NRSC-5-C is the standard for high definition digital terrestial radio in the United States. The physical layer and protocols are well documented on the NRSC’s website. The audio compression details are conspicuously absent considering that the goal of the standard is digital audio.

## Overview

The development goal of NRSC-5-C was digital terrestial radio using the already allocated FM bandwidth. The result was an IBOC (in-band on-channel) system that supports both analog and digital signals within the existing FM allocations. This hybrid scheme is flexible and the station can choose to allocate more or less of the spectrum to analog or digital. Eventually, the entire spectrum allocation could be used for a pure digital signal.

The system is split into several layers. The physical layer (layer 1) is responsible for finding the signal, decoding, and error correction. The multiplexer (layer 2) allows multiple layer 3 applications to share the bandwidth, giving priority to the real-time audio data. And the application layer (layer 3) is where the decoding of the audio data actually happens.

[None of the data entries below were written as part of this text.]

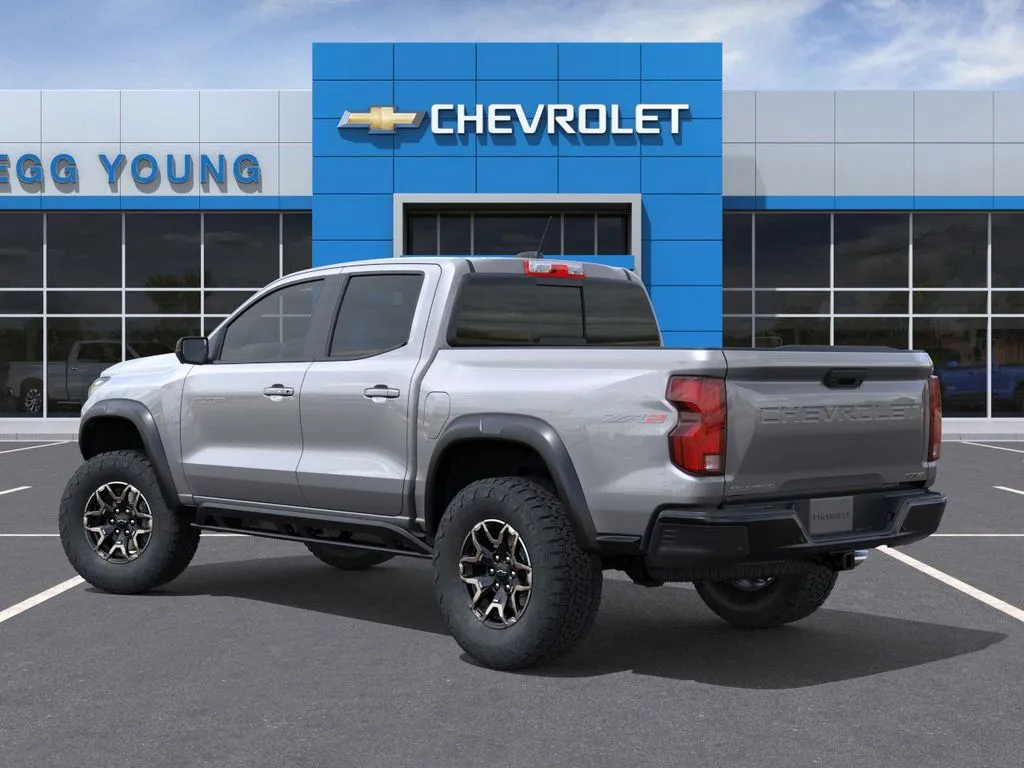 2026 Chevrolet Colorado ZR2 photo 2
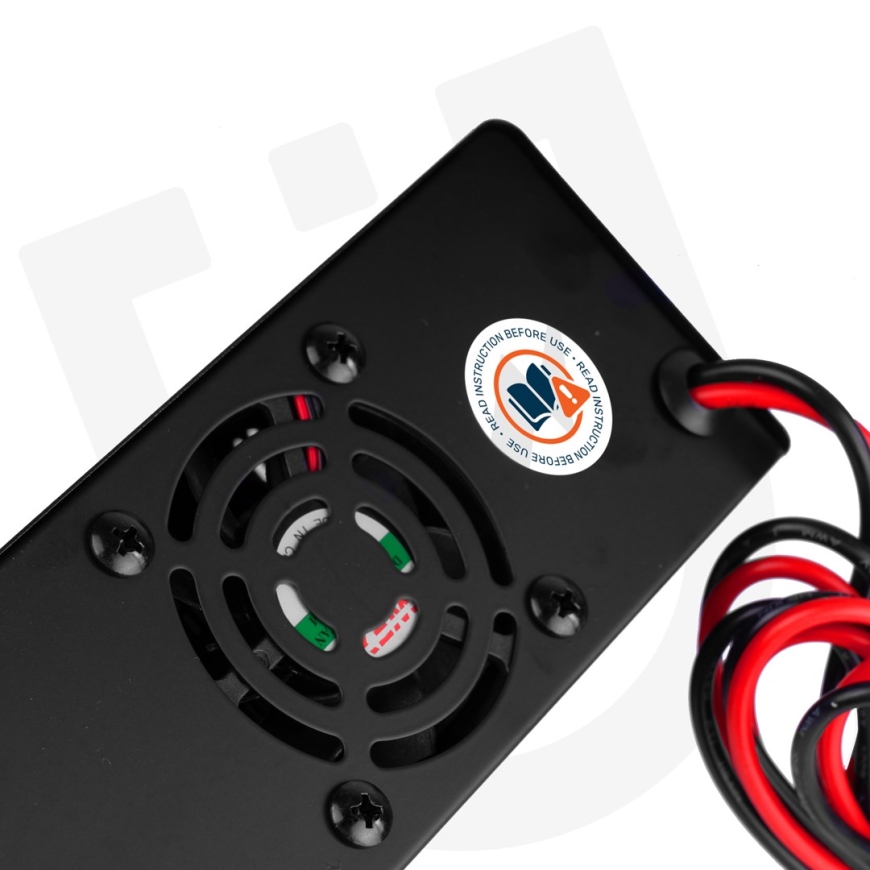 Mikroprocesorinė įkroviklis 6-12 V 15 A + akumuliatorių įkroviklis W14017 WUBER – 4
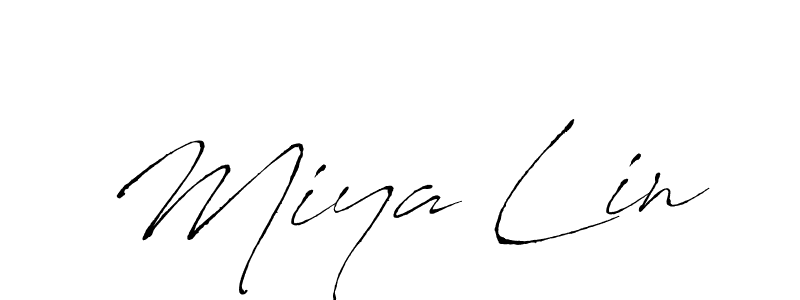 if you are searching for the best signature style for your name Miya Lin. so please give up your signature search. here we have designed multiple signature styles  using Antro_Vectra. Miya Lin signature style 6 images and pictures png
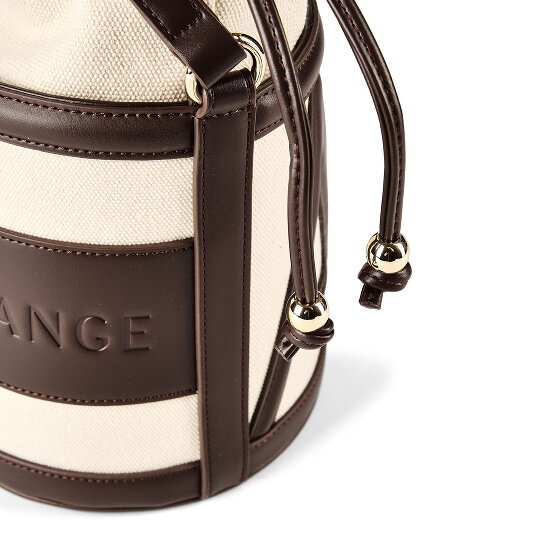 Armani Exchange Marisol Mini Bag Umhängetasche Leder 17 cm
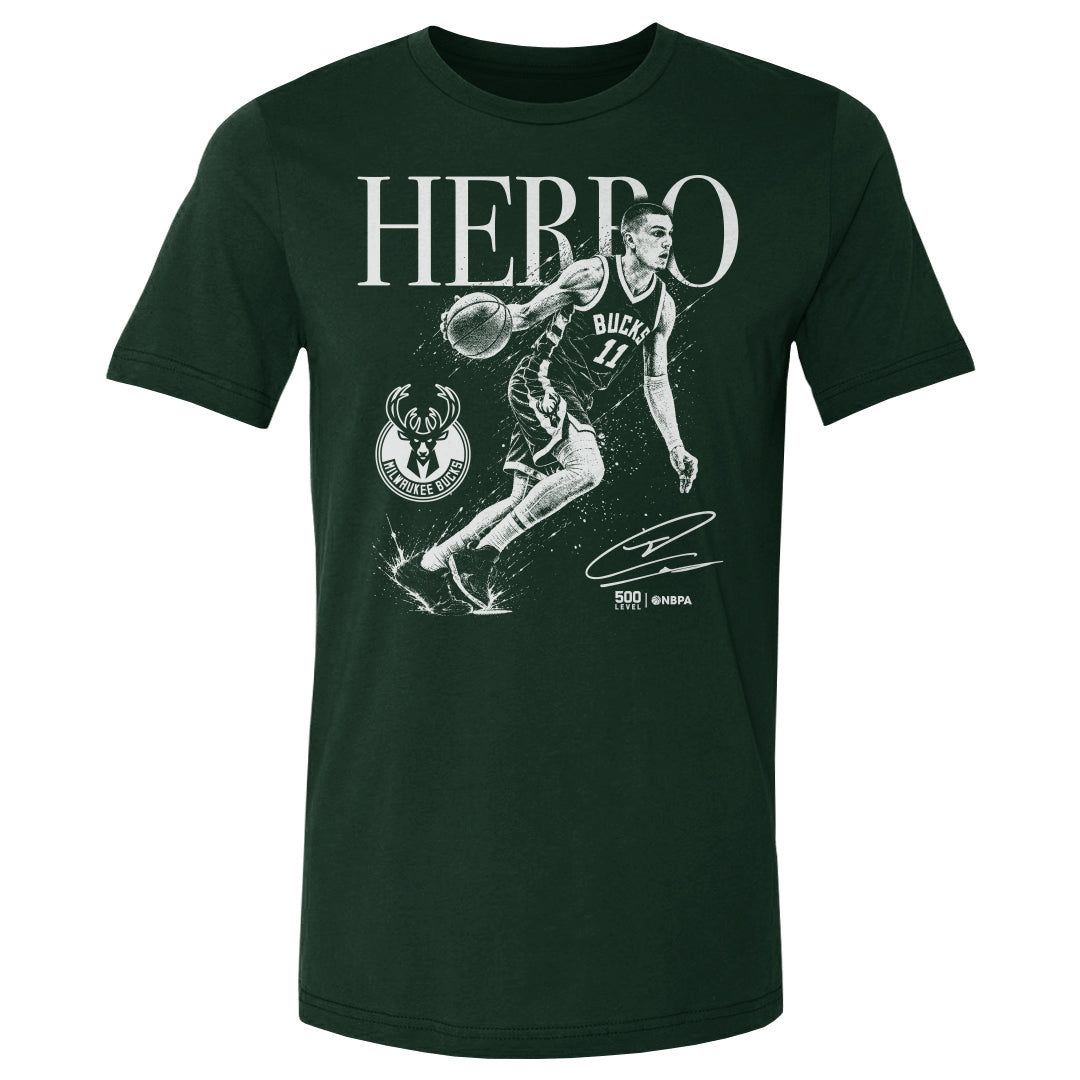 Tyler Herro Men's Cotton T-Shirt | 500 LEVEL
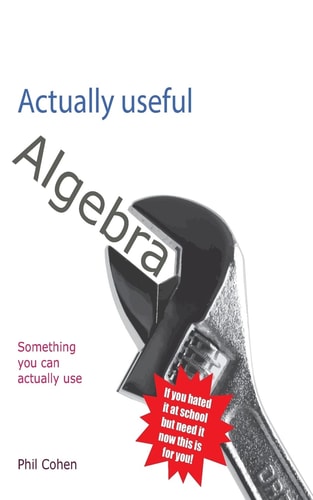 Actually Useful Algebra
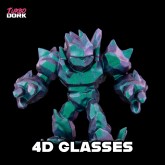 Turbo Dork: TurboShift - 4D Glasses 6CT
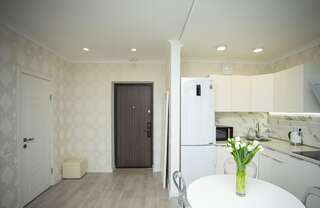 Апартаменты Hoffman house 154 Киев Апартаменты с 1 спальней-19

Our implementation of a NRSC-5 receiver is available in a GitHub repository. The source code is released under the GPL v3, and uses code from turbofec and reed-solomon, as well as the ao, faad2, and liquid-dsp libraries.

## Layer 1

The physical layer has similarities to other digital systems like DVB, LTE, and Wi-Fi. OFDM is used to multiplex 1093 subcarrier signals, which modulate the data using either DBPSK or QPSK. A cyclic prefix is inserted to aid synchronization, and the digital data is scrambled, encoded with a convolutional code, and interleaved to protect the data from errors. The total bandwidth reserved for the digital signal is determined by the operating mode, but generally the digial signal is split across two sidebands of 69 KHz each, resulting in a 96 kbps channel.

### Parameters

Parameter Name Units Exact Value
OFDM Subcarrier Spacing Hz $\frac{744187.5}{2048}$
Cyclic Prefix Width none $\frac{7}{128}$
OFDM Symbol Duration seconds $\frac{135}{128} \cdot \frac{2048}{744187.5} = \frac{2160}{744187.5}$
Sample Rate samples / second 744187.5
OFDM Subcarriers none 2048
Cyclic Prefix Width samples 112
OFDM Symbol Duration samples 2160

### Filtering

The first step is to receive the signal at the center frequency for the radio station, and filter out the analog audio. We chose to receive the signal at twice the sample rate, ~1.488 MHz, and use a decimating band-pass filter to eliminate the analog audio and act as an anti-aliasing filter. The filter does not need to be exact; the filter taps we used allow frequencies 122457 Hz - 372095 Hz to pass through. Eliminating the analog audio makes it easier for the timing synchronization and frequency error correction in the next steps.

### Synchronization

Once we have a signal at the correct sample rate and approximately the correct frequency, we can use autocorrelation to find the start of the cyclic prefix. One of the prolems with OFDM is that even small timing offsets or frequency errors will result in the loss of orthogonality and corrupted data. Thankfully, we can fix both of these issues using the cyclic prefix that was inserted by the transmitter.

A cyclic prefix is a copy of the last few samples of the OFDM symbol inserted at the beginning of the OFDM symbol. This will make the OFDM symbol longer, which reduces bandwidth, but it also enables autocorrelation to find the beginning of the OFDM symbol and acts as a guard interval to prevent intersymbol interference. Autocorrelation (wikipedia) is a simple technique whereby the signal is correlated (wikipedia) with a delayed copy of itself and we look for a peak. In the case of a cyclic prefix, the delay is the length of the original OFDM symbol, 2048 samples.

The peak of the correlation finds the point where the same signal is present in both the delayed and non-delayed signals. Because the data is pseudorandom, the only time this should happen is when the delayed signal is at the cyclic prefix and the non-delayed signal is near the end of the OFDM signal. This tells us the timing offset, or which sample is the beginning of the OFDM symbol, and we can now strip off the cyclic prefix samples.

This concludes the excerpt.